Task brief
Please repeat only the lines below starting at the line that holds "Bolso de Hombro" and ending at the line that holds "Panoramic view from", exactly, with both of those lines included and every picture omitted.

Dataset excerpts
►
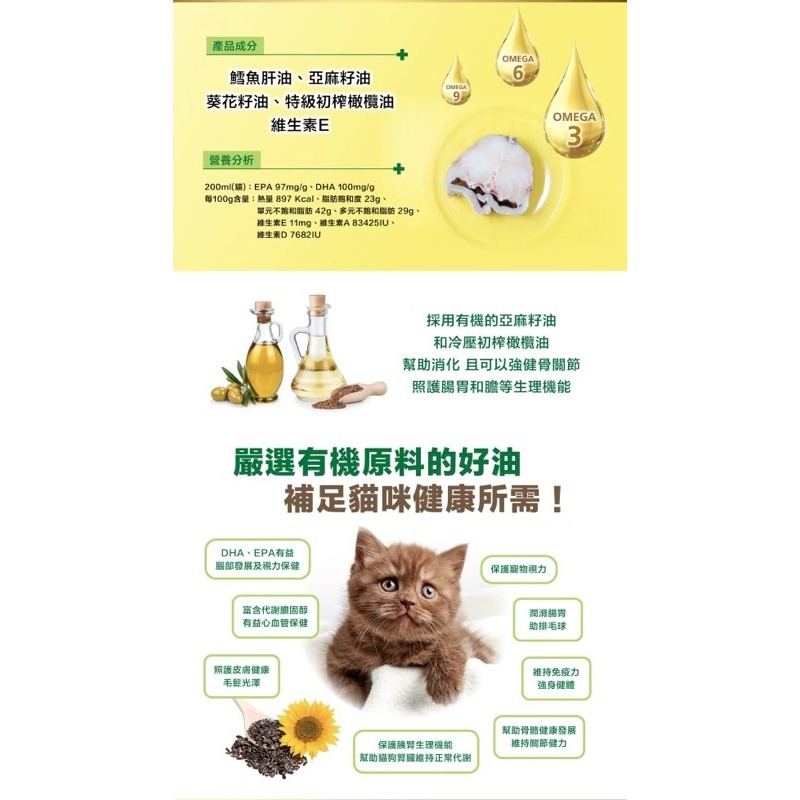 ✨【168汪喵】✨【NAS】犬貓 Omega 3, 6 & 9鱈魚肝油500ml【寵物魚油】  犬貓皆可-細節圖5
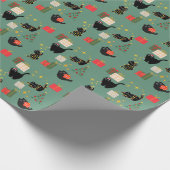 Papier Cadeau Chats de Noël drôles (Coin)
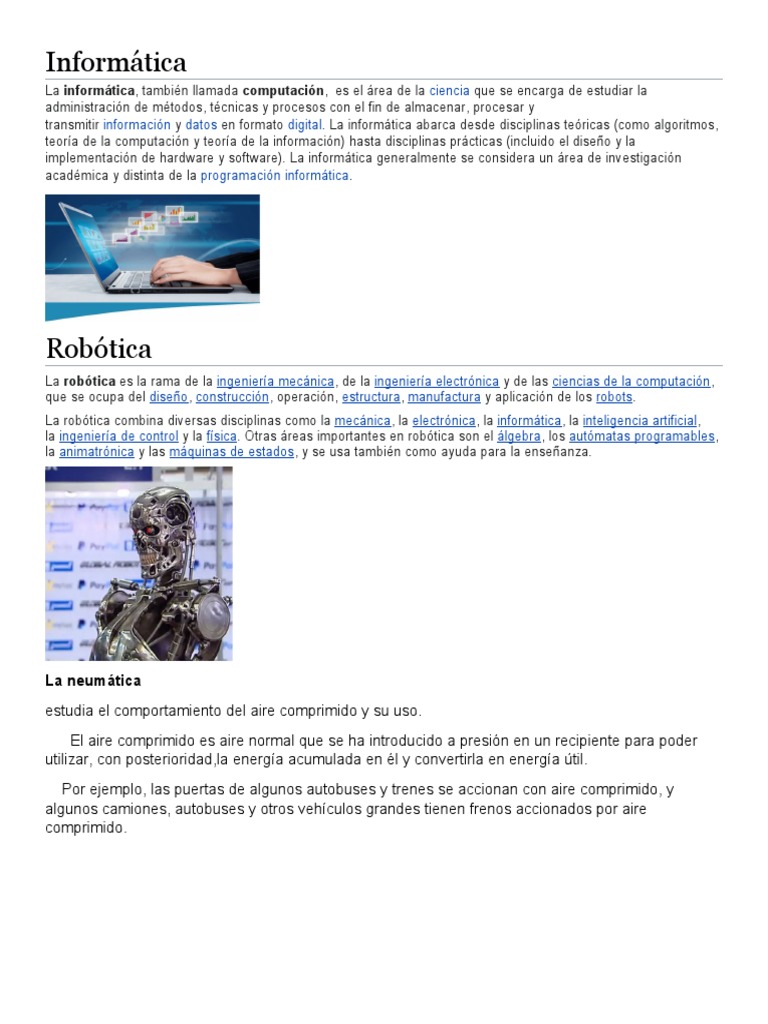Introducción a la Informática y Robótica | PDF | Informática | Ciencias ...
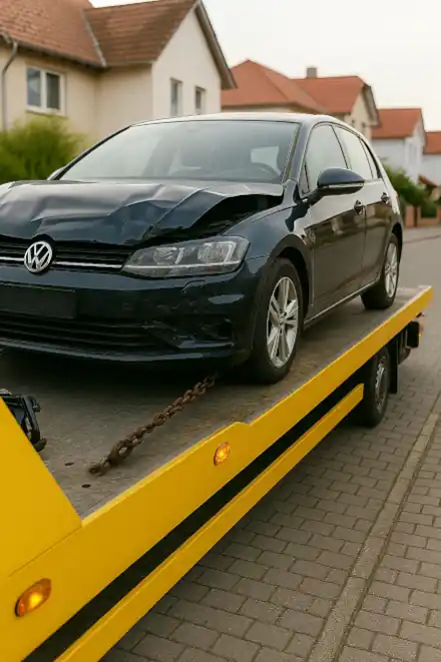 Ein defektes Auto wird zum Autoankauf in Wismar abgeschleppt, um umweltfreundlich recycelt zu werden.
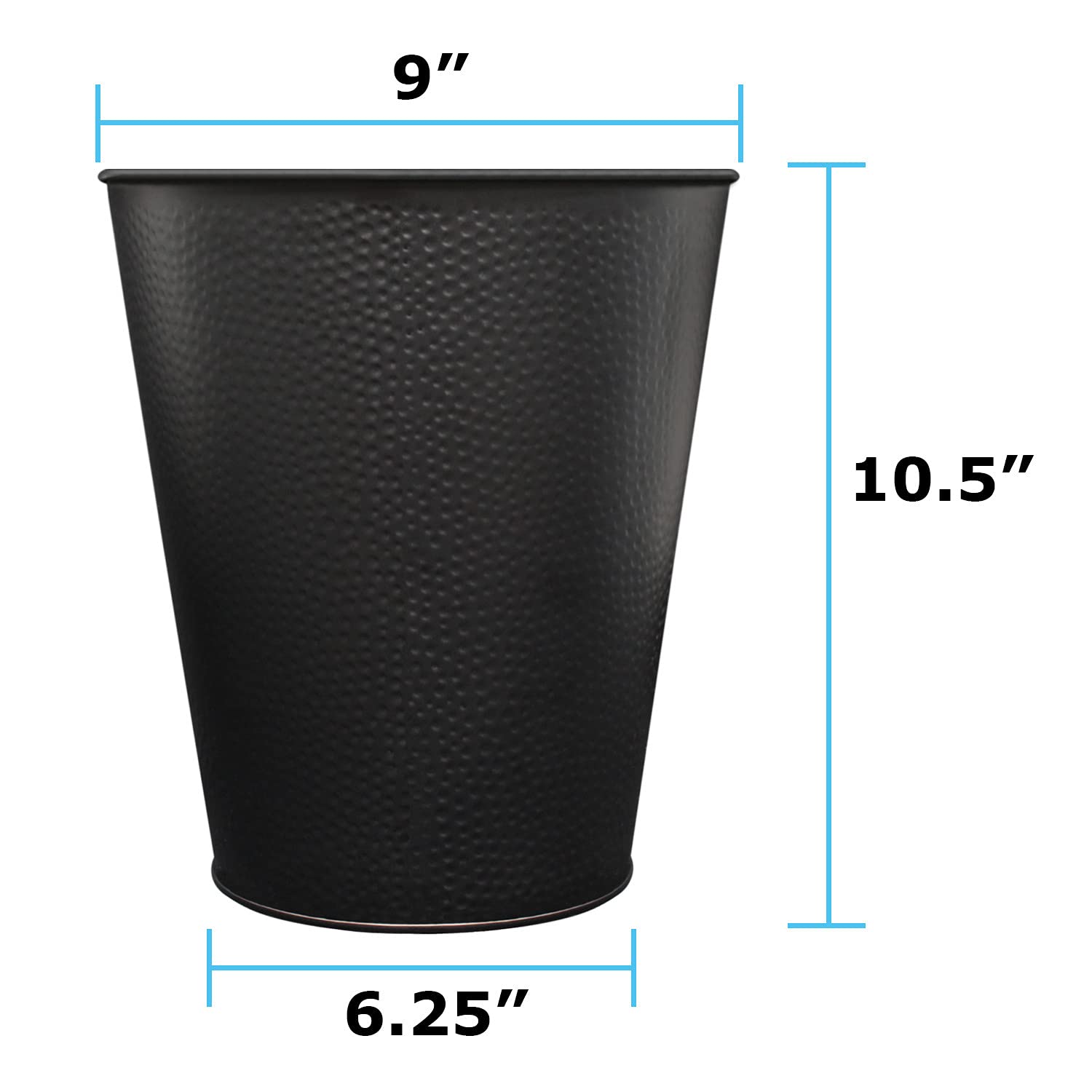 6L Stainless Steel Trash Can for Bedroom & Bathroom - Small Wastebasket with Lid, Black - Perfect for Home, Office, Dorm & Bathroom Organization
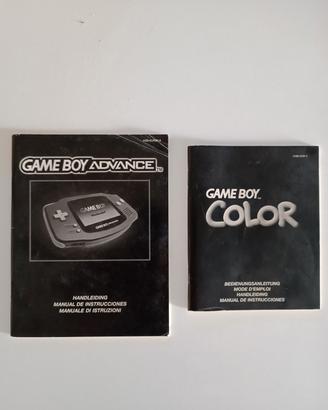 Manuale istruzioni GameBoy Color e GameBoy Advance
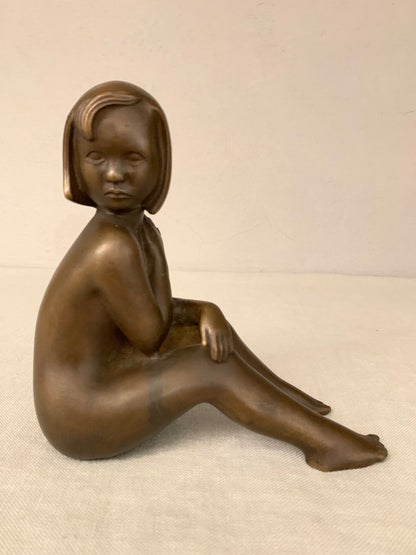 Bronze Figurine Depicting a Sitting Girl, by Johannes Hedegaard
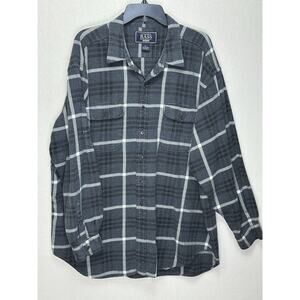Mens G.H. Bass & Co. Sz XL Plaid Gray Black Flannel button up shirt cotton READ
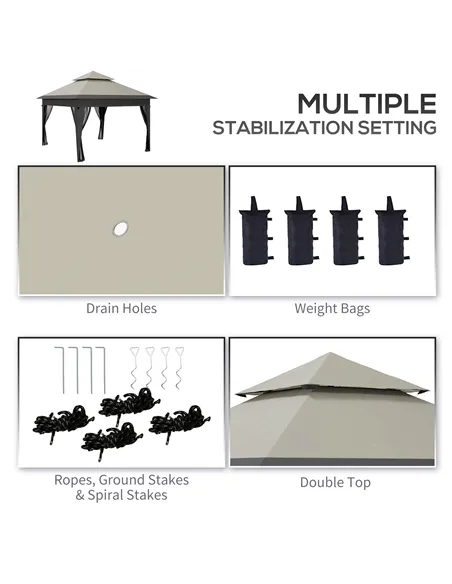 Outsunny 3 x 3(m) Pop Up Gazebo with Mosquito Netting, 1 Person Easy up Marquee Party Tent with 1-Button Push, Double Roof, Carr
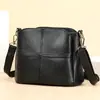 Bolso de Hombro Suave de Cuero de Vaca Retro, Bolso Cubo de Piel de Vaca de Primera Capa, Bolso de Piel Genuina para Mujer, Bolso Cruzado de Hombro Casual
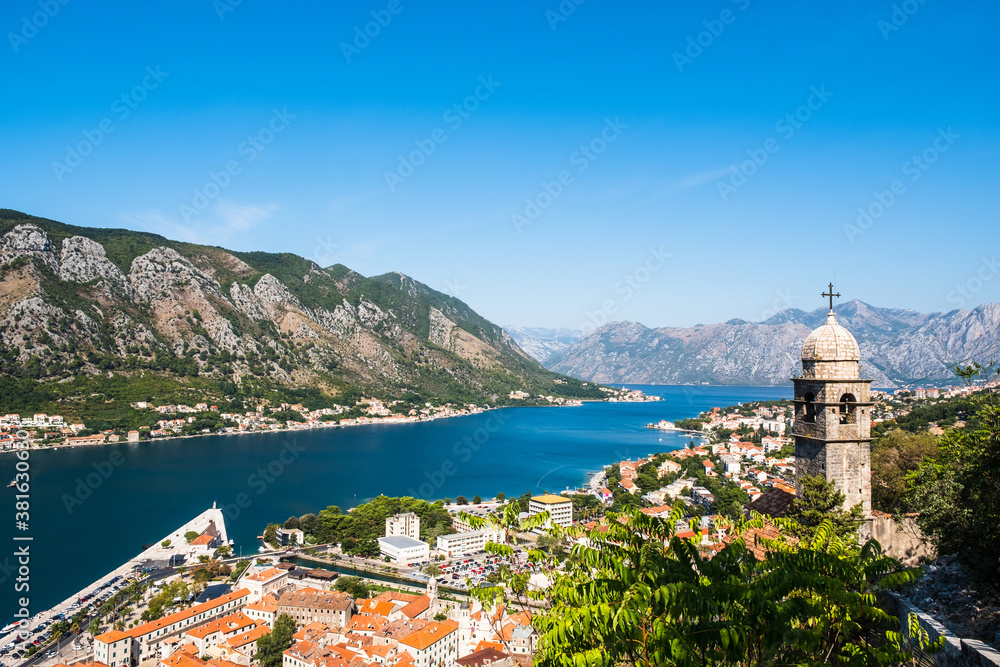 Panoramic view from of Kotor old town and church tower. Kotor bay in Montenegro. Balkans, Adriatic sea, Europe.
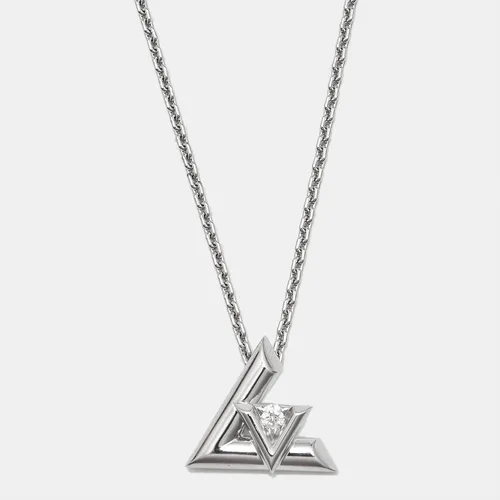 Louis Vuitton LV Volt Diamond 18k White Gold Large Necklace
◄
Reply
 Bolso de Hombro Suave de Cuero de Vaca Retro, Bolso Cubo de Piel de Vaca de Primera Capa, Bolso de Piel Genuina para Mujer, Bolso Cruzado de Hombro Casual
 Panoramic view from of Kotor old town and church tower. Kotor bay in Montenegro. Balkans, Adriatic sea, Europe.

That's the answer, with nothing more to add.